Starting in 1989, PBS secured a deal with Pacific Arts to distribute PBS Home Video's products. In 1994, PBS moved to distribution through Turner Home Entertainment. In 1996, when Turner Home Entertainment's parent company merged with Time Warner, distribution was through Warner Home Video until 2004, when distribution moved to Paramount Home Entertainment.

PBS Home Video became independent again in 2011, and was renamed PBS Distribution—PBSd in 2009.  It is jointly owned by PBS and the WGBH Educational Foundation. It is currently distributing PBS programs and movies on DVD, Blu-ray, digital downloads, and video on demand and PBS Kids programs on DVD and digital downloads. In 2017 independent films produced by PBSd were added for cinema and home video releases.
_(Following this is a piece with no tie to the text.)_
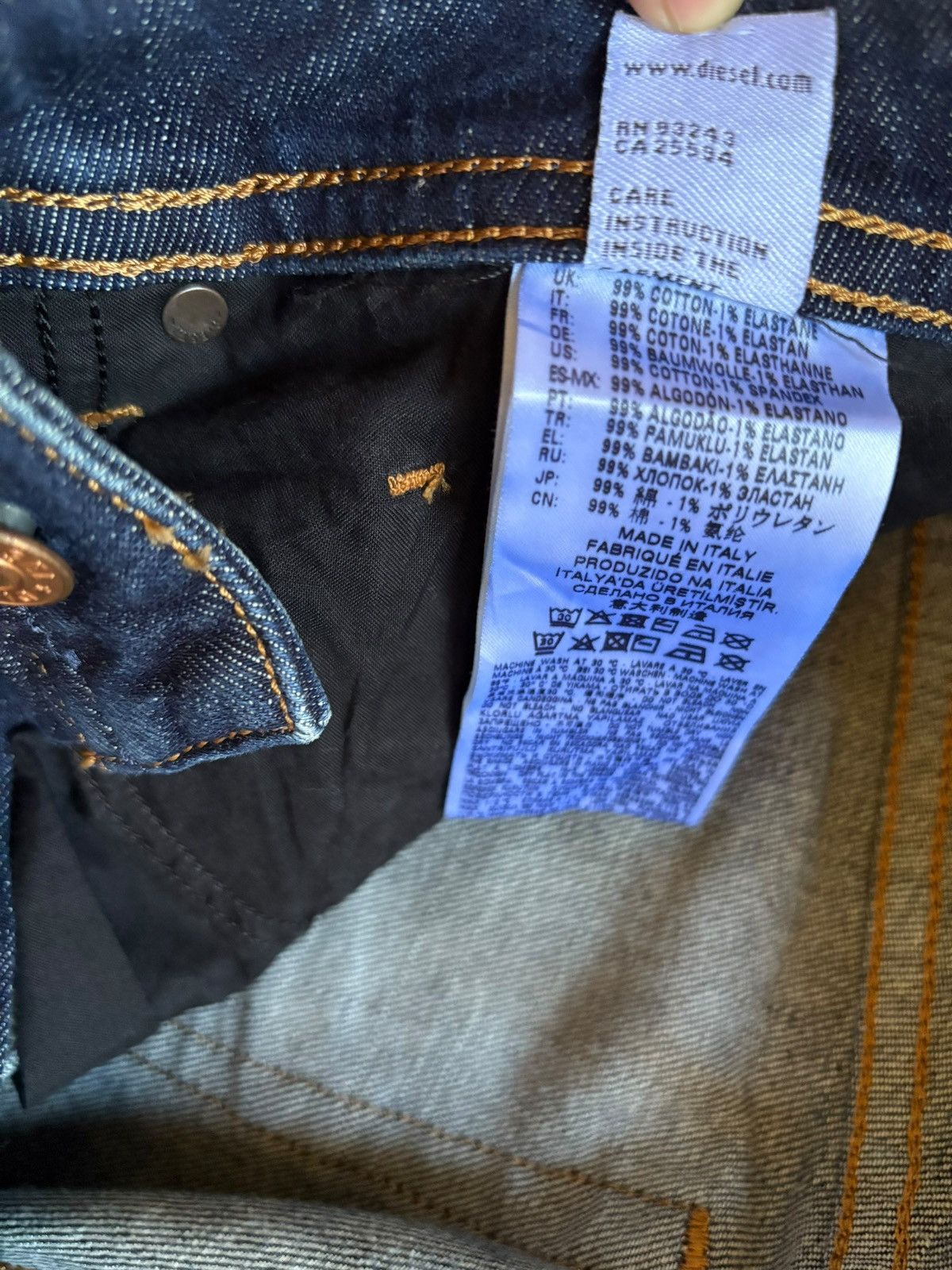 Diesel × Diesel Black Gold Vintage Italy Diesel Thommer Faded Rusty Wash Distress Jeans Size US 32 / EU 48 - 11 Thumbnail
PBS International offers factual content for broadcast, cable, and satellite services internationally.

On November 1, 2011, PBS UK was launched on BSkyB. Canadian-born entrepreneur David Lyons and PBS Distribution formed a joint venture to run the channel.

Independent films
After a backlash from filmmakers over WNET's attempts to move independent documentary series to its secondary station, PBS took feedback from the documentary community and developed an indie film strategy.

Through Independent Lens, PBS acquired Stanley Nelson’s documentary film The Black Panthers: Vanguard of the Revolution. The history of The Black Panthers was especially timely due to the contemporary Black Lives Matter movement's growth. The film was first released in theaters in late 2015, then had  a special nationwide public television premiere in late 2016.
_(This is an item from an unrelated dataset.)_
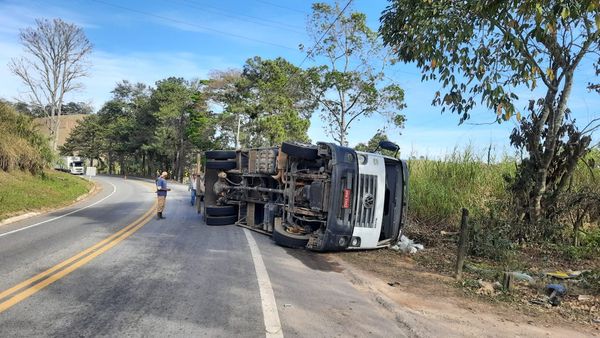 Caminhão carregado com arroz tombou na BR482 por Divulgação/ PM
PBSd expanded its operation to included theatrical distribution of documentary films by hiring Erin Owens as PBS Distribution's Head of Theatrical Distribution; and Emily Rothschild as Director of Theatrical Acquisitions and Marketing. Owens and Rothschild had just worked with PBS on Stanley Nelson's The Black Panthers distribution.
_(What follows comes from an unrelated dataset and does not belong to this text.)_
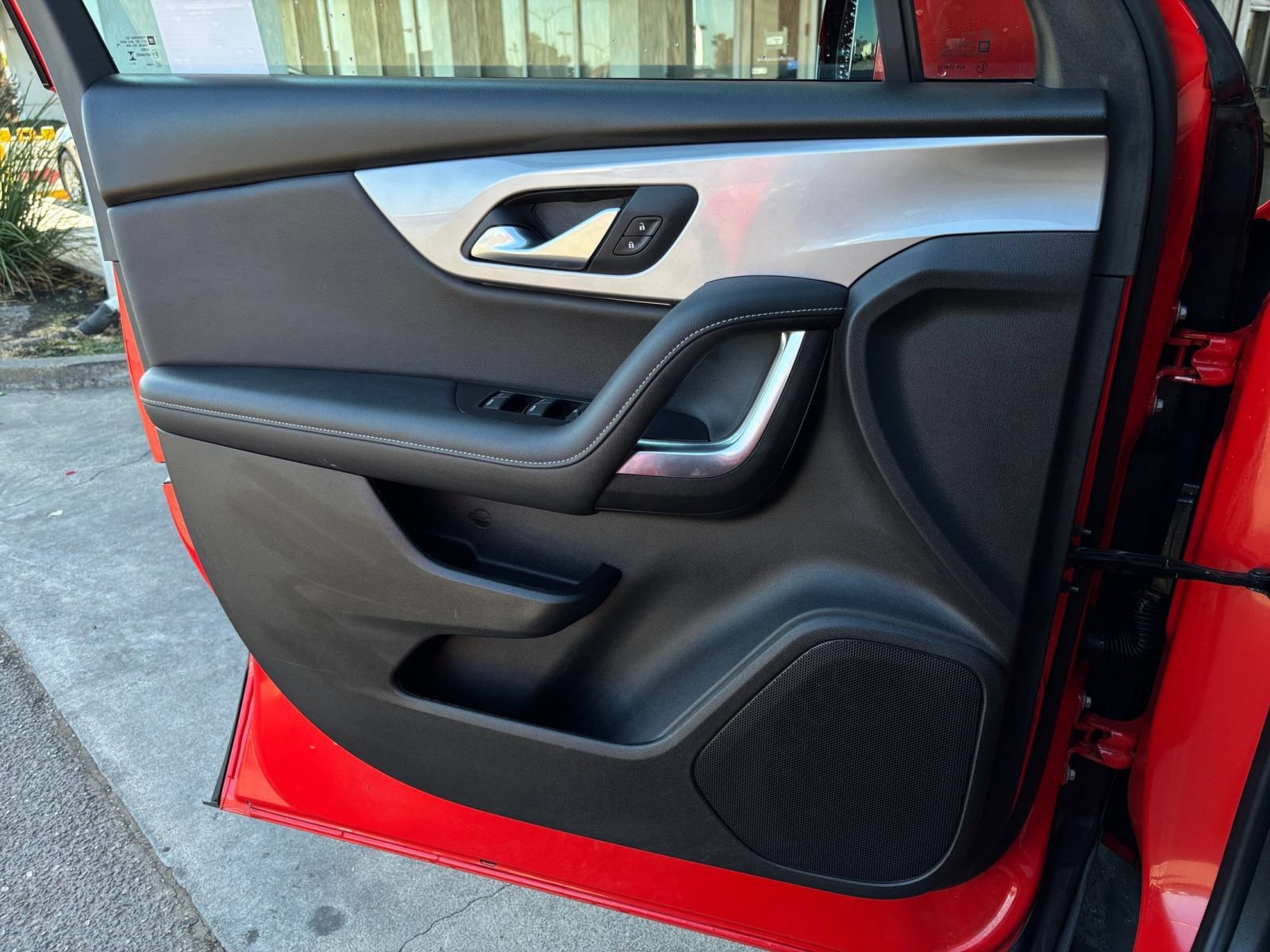 Thumbnail: 2026 Chevrolet Blazer - 18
The operations expansion of PBSd was announced at the Sundance Film Festival on 19 January 2017.  The company plans to get theatrical and non-theatrical rights for up to six feature-length documentaries to release per year.

PBSd put British show, Jamestown as a streaming first run on PBS Passport and PBS Masterpiece as of March 23, 2018.

See also

References

External links
 Official PBS Distribution − PBSd website
 Bill Reed papers, at the University of Maryland libraries. Reed was one of the creators of PBS Video, and his papers contain documents on video and home video unit of the network.
 Robert M. Reed papers, at the University of Maryland libraries. Reed was the executive director of PBS Video from 1969-1976.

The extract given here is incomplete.